DESCRIPTION (provided by applicant): Siderophores are low molecular weight iron chelators produced by bacteria to scavenge iron from the environment, and are frequently required for bacterial virulence. In iron limiting environments such as the human host, if the production of the siderophore is disrupted, the bacteria cannot acquire the iron required for growth and survival. Pseudomonas aeruginosa are notoriously antibiotic-resistant and are able to colonize immuno-compromised patients and the lungs of patients with cystic fibrosis. The long-term goal of the research in this laboratory is to provide a detailed mechanistic and structural understanding of enzymes in the siderophore biosynthetic pathways that are targets for drug discovery. Toward that end, we propose to investigate the nonribosomal peptide synthetase accessory enzymes that produce salicylate, a precursor incorporated into the siderophore pyochelin from the bacteria P. aeruginosa. The two enzymes to be studied, the isochorismate synthase (PchA) and isochorismate-pyruvate lyase (PchB), are ideal model systems for making fundamental advances in understanding the reaction pathways of catalysis. We will use a multifaceted approach that includes enzyme kinetic analysis, structural biology and computational enzymology, and identify inhibitors of the enzymes through high-throughput screening. Our first specific aim will be to determine the relative catalytic contributions of a reactive substrate conformation and electrostatic transition state stabilization in the pericyclic reaction mechanisms performed by the isochorismate- pyruvate lyase that has adventitious chorismate mutase activity. We will define the structure- function relationships of the Mg+2 dependent isochorismate synthase, a member of the MST family of proteins in our second aim. Finally, our third aim is to identify small molecule inhibitors of salicylate production, and determine their mode of action. PUBLIC HEALTH RELEVANCE: Pseudomonas aeruginosa is a dangerous opportunistic pathogen that is a common cause of infections in susceptible hosts, including cancer patients undergoing chemotherapy, AIDS patients, those with immune deficiencies, cystic fibrosis patients, burn patients and other at risk individuals including infants. The goal of this work is to provide a fundamental understanding of two enzymes that promote virulence in P. aeruginosa so that this information can be exploited to generate new antimicrobial drugs.

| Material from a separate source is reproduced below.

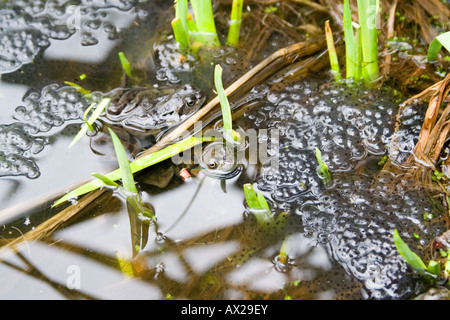 Gemeinsamen Frosch Frühling Zeit Frosch Spawn Schilf Wasser Teich. Bekannteste unsere Amphibien und am ehesten anzutreffen. Stockfoto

描述（由申请人提供）：铁载体是由细菌产生的低分子量铁螯合剂，用于从环境中清除铁，并且经常需要细菌毒力。在限制铁的环境中，如人类宿主，如果铁载体的生产被破坏，细菌就不能获得生长和生存所需的铁。众所周知，铜绿假单胞菌具有抗生素耐药性，能够在免疫功能低下的患者和囊性纤维化患者的肺部定植。本实验室研究的长期目标是提供铁载体生物合成途径中酶的详细机制和结构理解，这些途径是药物发现的目标。为此，我们建议研究产生水杨酸的非核糖体肽合成酶辅助酶，水杨酸是细菌P. aeruginosa中铁载体pyochelin的前体。所研究的两种酶，即异丙酸酯合成酶（PchA）和异丙酸酯裂解酶（PchB），是在理解催化反应途径方面取得根本性进展的理想模型系统。我们将使用多方面的方法，包括酶动力学分析，结构生物学和计算酶学，并通过高通量筛选确定酶的抑制剂。我们的第一个具体目标将是确定活性底物构象和静电过渡态稳定在由具有外源性氯酸突变酶活性的异丙酸-丙酮酸裂解酶进行的周环反应机制中的相对催化作用。在我们的第二个目标中，我们将定义MST蛋白家族成员Mg+2依赖性异choris酸合成酶的结构-功能关系。最后，我们的第三个目标是确定水杨酸生产的小分子抑制剂，并确定其作用方式。公共卫生相关性：铜绿假单胞菌是一种危险的机会性病原体，是易感宿主（包括接受化疗的癌症患者、艾滋病患者、免疫缺陷患者、囊性纤维化患者、烧伤患者和包括婴儿在内的其他危险个体）感染的常见原因。这项工作的目的是提供对铜绿假单胞菌中促进毒力的两种酶的基本了解，以便利用这些信息来产生新的抗菌药物。